Halong Bay School Bus
Our first excursion for the day was to a local fishing village where all the residents live on floating houses. They used to keep the houses bouyant with bamboo, then when that started to rot they moved to large styrofoam cubes. Unfortunately this caused big issues with pollution (styrofoam degrading and little balls floating out into the water) so about 3 years ago the German government donated a bunch of big plastic drums to float the houses on. Looks like about 60% have upgraded, then they ran out of money. Pollution used to be a huge problem, but as the village learned that cleaner water lead to more tourists, which in turn lead to more money, they've tried to clean up their act. We hopped on little 3 and 4 person boats rowed by locals and had a look around. First off we went to the local primary school and saw all the kids rowing home for lunch, then we rowed over to the oyster farm where they create pearls. It was pretty interesting to see, especially when they shucked an oyster and popped out a pearl in front of us. There was a slick of pollution on the surface of the water, quite a few small dead fish (went overboard on the styrofoam?) and a small amount of floating rubbish. Looks like they have a little way to go yet.

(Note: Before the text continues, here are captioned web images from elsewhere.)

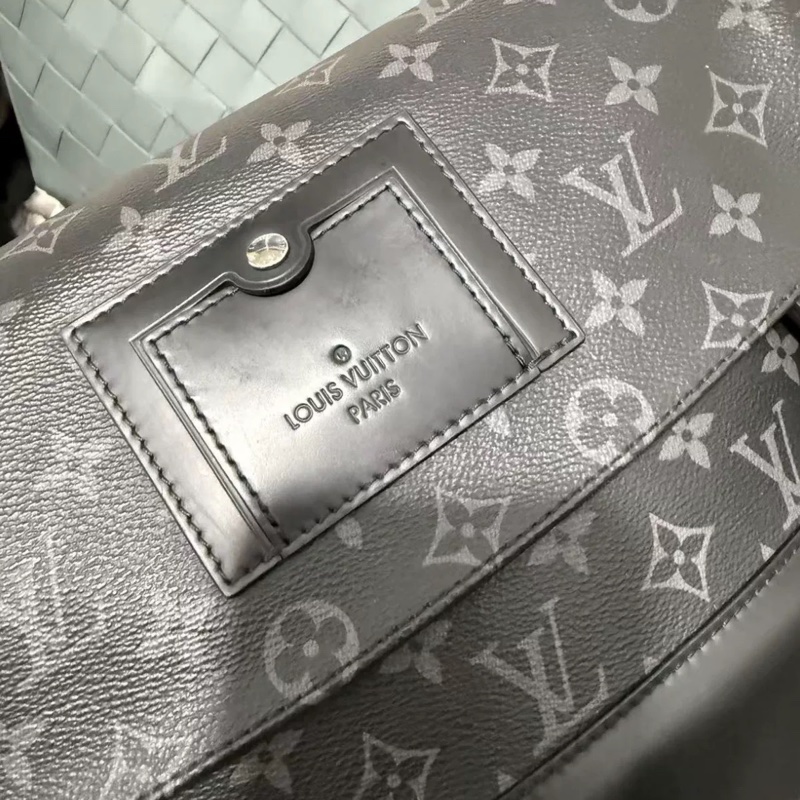 男款天花板🤩99新🆕Lv黑武士Voyager老花斜挎單肩郵差包-17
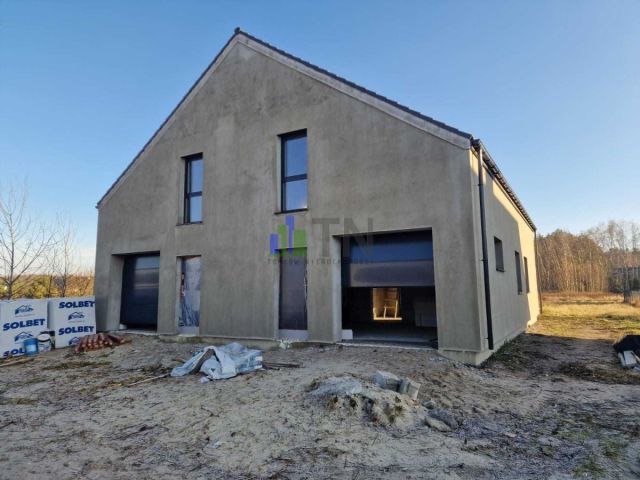 bliźniak, 4 pokoje Chrząstawa Wielka. Zdjęcie 11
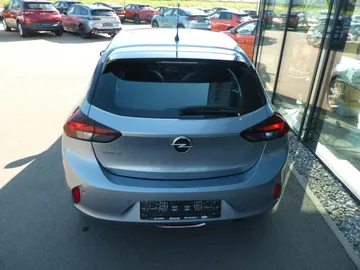 Car image 32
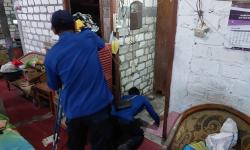 Heboh! Ular Cobra Sembunyi di Kamar Tidur, Penghuni Rumah Panik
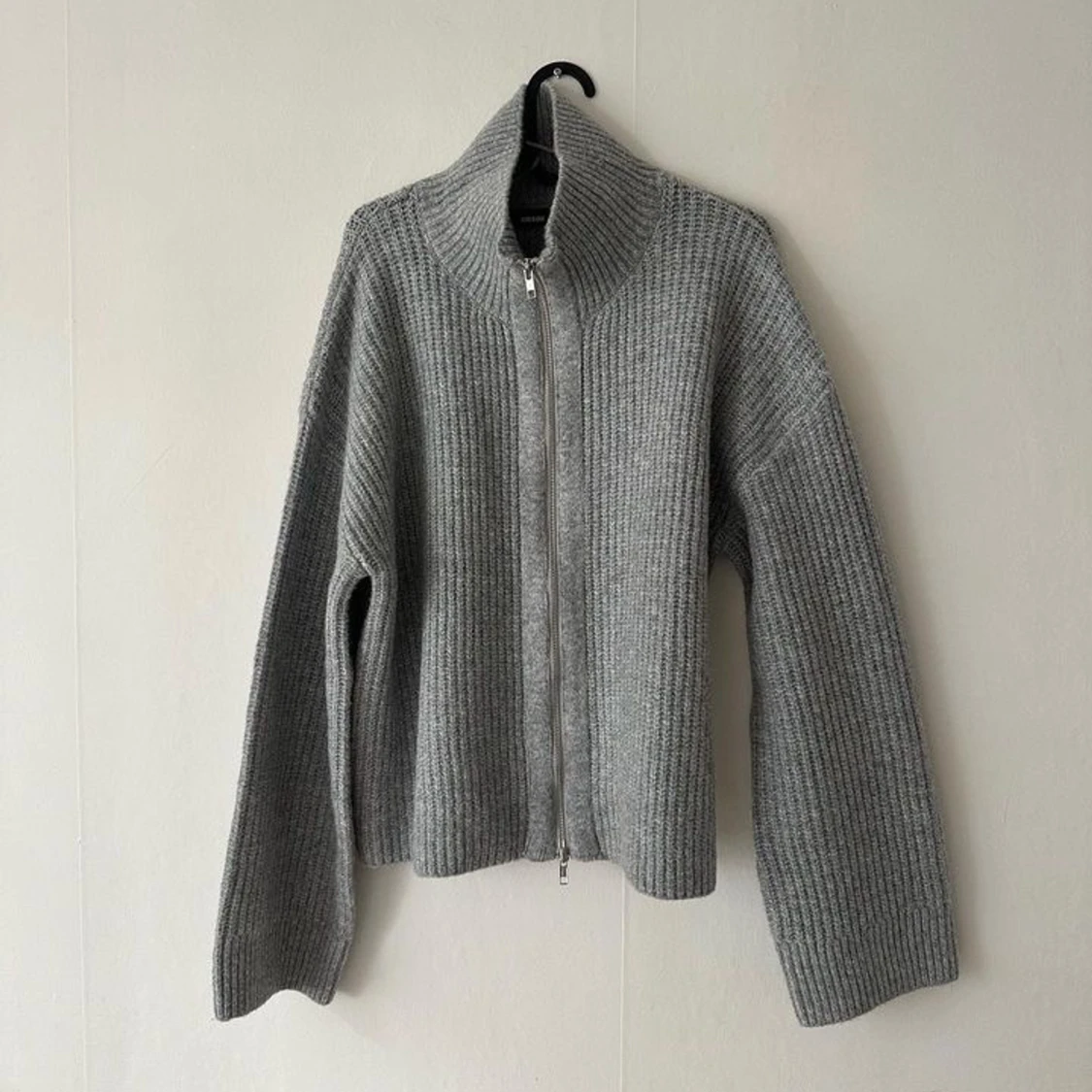 SLUTSÅLD bikbok kofta - 90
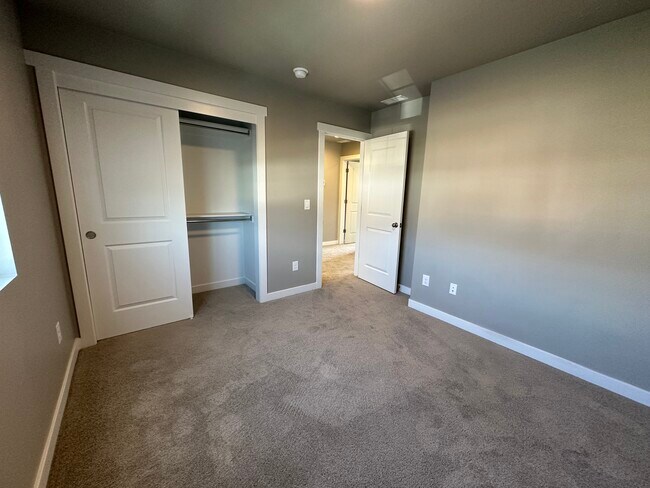 Building Photo - 1429 3500 W
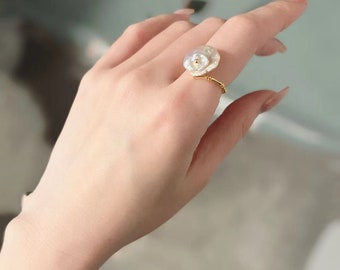 Anel de Pérola Keshi: Aro ajustável em prata de lei com banho de ouro 14K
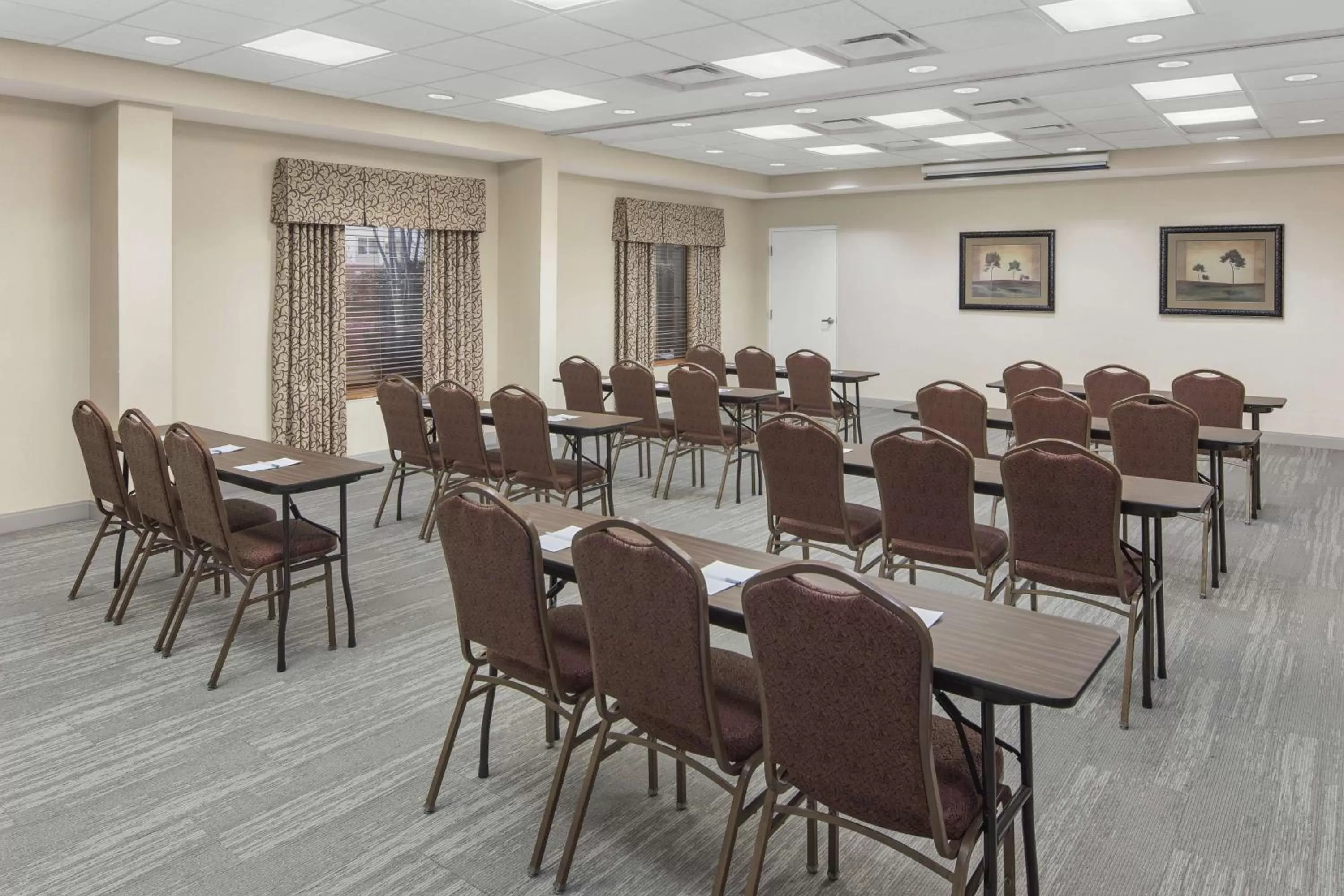 Business facilities in Hampton Inn & Suites Macon I-75 North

Who Needs A Solid Foundation?
After that - back to the boat for lunch. Another 5 course deal (we are getting little potbellies :-/) and we sat with the German couple again. They're very nice, big travellers, divers and trekkers. The afternoon excursion was a kayaking trip to a 'remote beach' where we could swim, play soccer and apparently play with puppies. Sounds too good to be true... We set out on our kayak. We are still not very good, but having a real kayak instead of a blow up one means it's a lot more comfortable, no broken nails and significantly easier to handle.
Pretty Scenic When We Could See It
Arrived at our 'remote beach', which was in fact the same beach every boat with this company takes their passengers to, so it was well equipped with deck chairs, rubbish bins, a shelter, and at least one boat load of other tourists in addition to ourselves. Oh well, still ridiculously scenic! The fog started to lift a little and the sun even made a guest appearance for a few minutes. Everyone 'ohh'd and ahh'd' and took pictures. The crew played a game of soccer against the passengers. I guess this is the only chance they get for a real run around working on the small ship all the time. One of the local dogs had just given birth to a litter of 8 puppies 2 weeks ago, so they were all happily trotting around the beach and soaking up the adoration of all the tourists. They had their fill of cuddles and then formed a puppy pile and all took a nap. Cute. (Don't worry Mum, we didn't touch them.)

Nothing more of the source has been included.